As many as 31 and 51 million clones were screened for the human testis and the human lung cancer library, respectively. This represents 3-fold and 5-fold the complexity of the respective libraries. A mating strategy was used for the screens, using on one side L40ΔGal4 (Mata) yeast strains transformed with the bait, and on the other side the strain YHGX13 (Y187 ade2-101::loxP-kanMX-loxP, Matα) containing the library, as previously described59. For the testis, screen, 182 His+colonies were selected on a medium lacking tryptophan, leucine and histidine, while for the lung cancer library, 345 His+colonies were selected on a medium lacking tryptophan, leucine and histidine and supplemented with 50 mM 3-aminotriazole to retain an optimal selectivity. Between 2 and 10 million diploid were tested. The 5′ and 3′ junctions of the prey insert were analyzed by capillary sequencing after yeast lysis and PCR amplification. The resulting sequences were compared to Human GenBank (NCBI) for prey identification.

A statistical analysis of the results has been conduct to define a confidence score (PBS, for Predicted Biological Score), as previously described62. First, the number of independent prey, the localization of the prey fusion, and the reading frames were taken into account to define the local score. Second, a global connectivity study using all the screens conducted at Hybrigenics using the same libraries was applied. This second analysis identify False positive (Score F), and highly connected preys (score E). The other score defines a probability for an interaction to be identify by chance, and are divided in four categories, from A (highest confidence) to D (lowest confidence). The PBS scores have been shown to positively correlate with the biological significance of interactions63,64.
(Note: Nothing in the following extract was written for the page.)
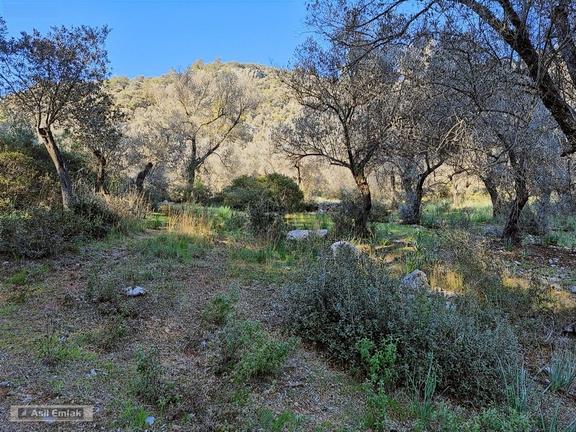 Dalaman Şerefler'de 2205 M² Satılık Arazi - Koylare Yakın 2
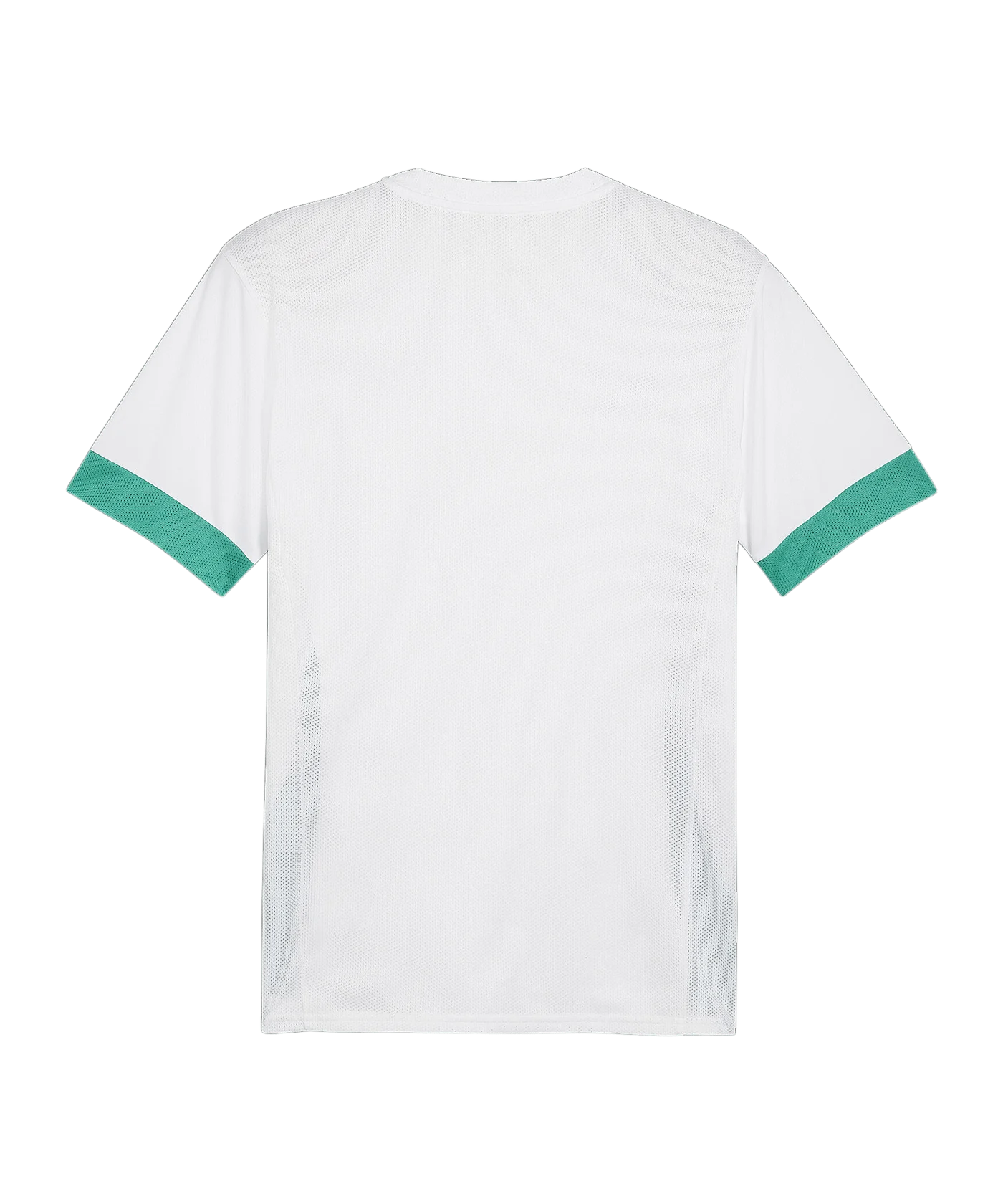 PUMA teamGOAL Matchday Trikot Weiss Grün F15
Quantification and statistical analysis

Statistical tests were done with Excel.

Data availability

Data supporting the findings of this manuscript are available from the corresponding authors upon reasonable request. 3D coordinates and NMR chemical shifts of RPAP3535-665 were deposited in the Protein Data Bank and in the Biological Magnetic Resonance Data Bank under respective entry codes 6EZ4 and 34200. The SILAC data are accessible in the ProteomeXchange Database with the following accession numbers: RPAP3-Cter and mutants (PXD009518), PIH1D2 (PXD009520), PIH1D3 (PXD009499), DNAAF2 (PXD009501), CCDC103 (PXD009498).